§ AIM OF THE TASK
Please transcribe exactly, and only, the lines of the data below between the line holding "TODAY!! (redwood city)63826177277315121" and the line holding "Видеорегистраторы Garmin Dash", inclusive.

§ EXCERPTED DATA
======
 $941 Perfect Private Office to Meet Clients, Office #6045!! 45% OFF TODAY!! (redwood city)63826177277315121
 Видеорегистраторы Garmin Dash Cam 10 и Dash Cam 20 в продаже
======
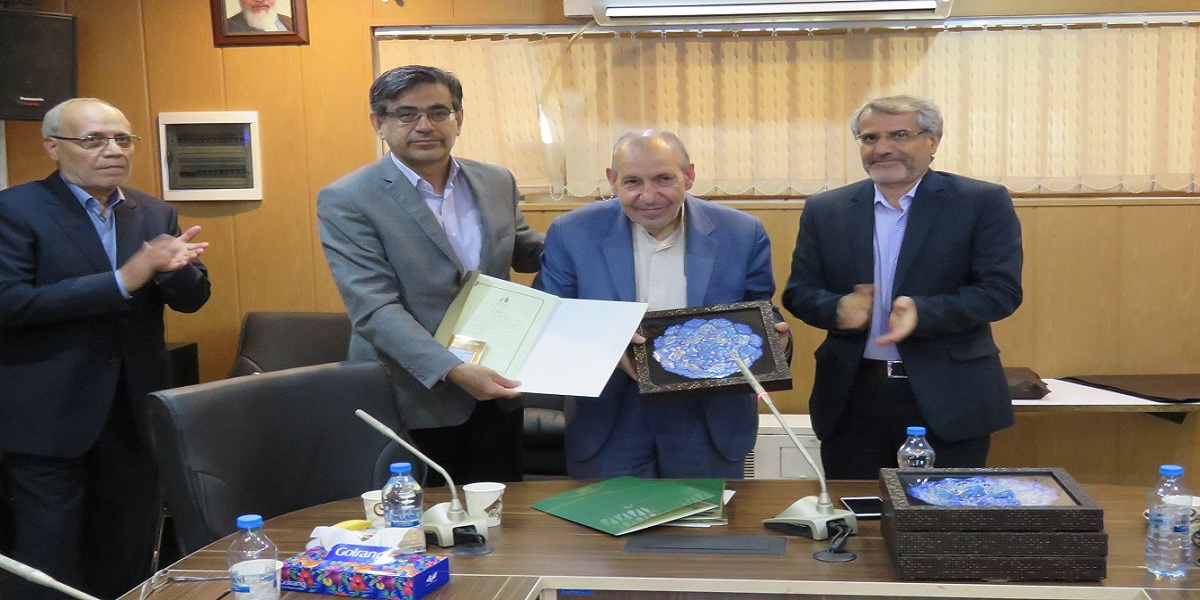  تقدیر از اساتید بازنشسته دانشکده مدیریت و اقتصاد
======
§ WRITTEN SOLUTION
 $941 Perfect Private Office to Meet Clients, Office #6045!! 45% OFF TODAY!! (redwood city)63826177277315121
 Видеорегистраторы Garmin Dash Cam 10 и Dash Cam 20 в продаже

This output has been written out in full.